Вязаные чулки почему-то не носили даже царицы - шерстяные просто не упоминаются, шёлковых вязаных было три пары импортных; а в основном носили чулки кроёные, суконные или атласные. А на пирах вместо салфеток вплоть до царствования эстета Алексея Михайловича часто использовались капустные листья.

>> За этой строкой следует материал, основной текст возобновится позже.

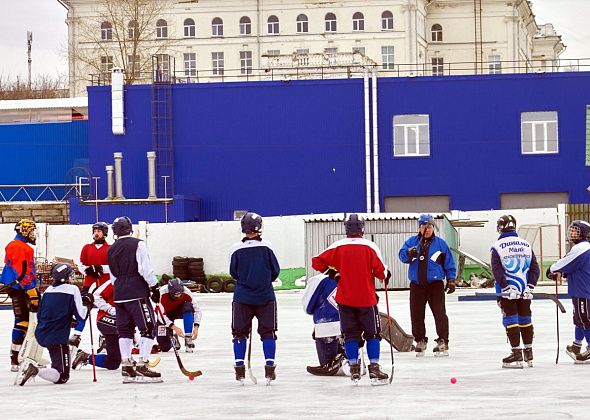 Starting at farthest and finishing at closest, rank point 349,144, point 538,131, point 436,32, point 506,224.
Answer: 1. point 436,32
2. point 349,144
3. point 538,131
4. point 506,224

Кстати, об эстетах: в большой моде были не только гравюры, но и расписные столешницы, причём они идеально подходили для изложения длинных историй - по картинке в отдельном клейме. Такой настольный комикс на сюжет «Александрии», например, включал 58 «кадров» (и обошёлся аж в двадцать рублей - при том что живописец был русский, Тимофей Яковлев Чертёнок). Столешница должна была быть поворотная, с шахматной доскою на изнанке. Впрочем, заказчик (Гавриил Юрьевич Наумов) оказался неудовлетворён и бил на художника челом: тот-де схалтурил, не изузорил кайму и не сделал подписей. Чертёнок, однако, возражал, что сие не значилось в договоре. Чем дело кончилось - не знаем. (Про тяжбу художника и заказчика - это вообще из другой книжки. А иконописец Тимофей Чертёнок вообще был человеком буйным, в «Словаре иконописцев и живописцев Оружейной палаты» М.Николаевой описаны и другие его тяжбы и приключения, включая крепкие драки с коллегами.)

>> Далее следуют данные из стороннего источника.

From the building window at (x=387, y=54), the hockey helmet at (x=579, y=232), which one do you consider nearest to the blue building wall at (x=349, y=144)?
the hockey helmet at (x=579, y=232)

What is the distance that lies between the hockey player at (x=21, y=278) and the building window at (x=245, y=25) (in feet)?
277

А это - сивиллы работы Богдана (он же Аствацатур, он же Танри Веран, он же Иван Иевлевич) Салтанова, «Кизилбашския земли армянския веры живописца», любимца двух царей (подробнее, чем у Л.Чёрной, о нём рассказано
тут).
Очень трогательная история про «иноземца Ивашку Ермиса» - этот зарубежный специалист обучал государевых трубачей (двадцать человек), а также канатоходцев и жонглёров (девятнадцать человек) их непростому делу. Справился прекрасно, и его назначили обучать шесть сотен стрельцов «ратному строению». Тут дело не заладилось совсем; Ермис объяснил, что для успешного обучения ему требуется переводчик, поскольку русский язык был ему «не весь сполна за обычай» и стрельцы команд не понимают (с трубачами и канатоходцами, видимо, обошлось показом, как действовать, без устных распоряжений и наставлений). Показательно, что вопросом о толмаче наставник озаботился только после совершенно провального смотра своих учеников.
Из главы про музыку меня особенно пленило, в куске про органную музыку и снасти, хорошее русское слово «клеветура». Вот на чём я, оказывается, сейчас печатаю.
Кстати, очень многое во внутреннем дворцовом распорядке при Михаиле и Алексее оказалось поразительно похоже на такие же установления при дворе их современников - токугавских сёгунов…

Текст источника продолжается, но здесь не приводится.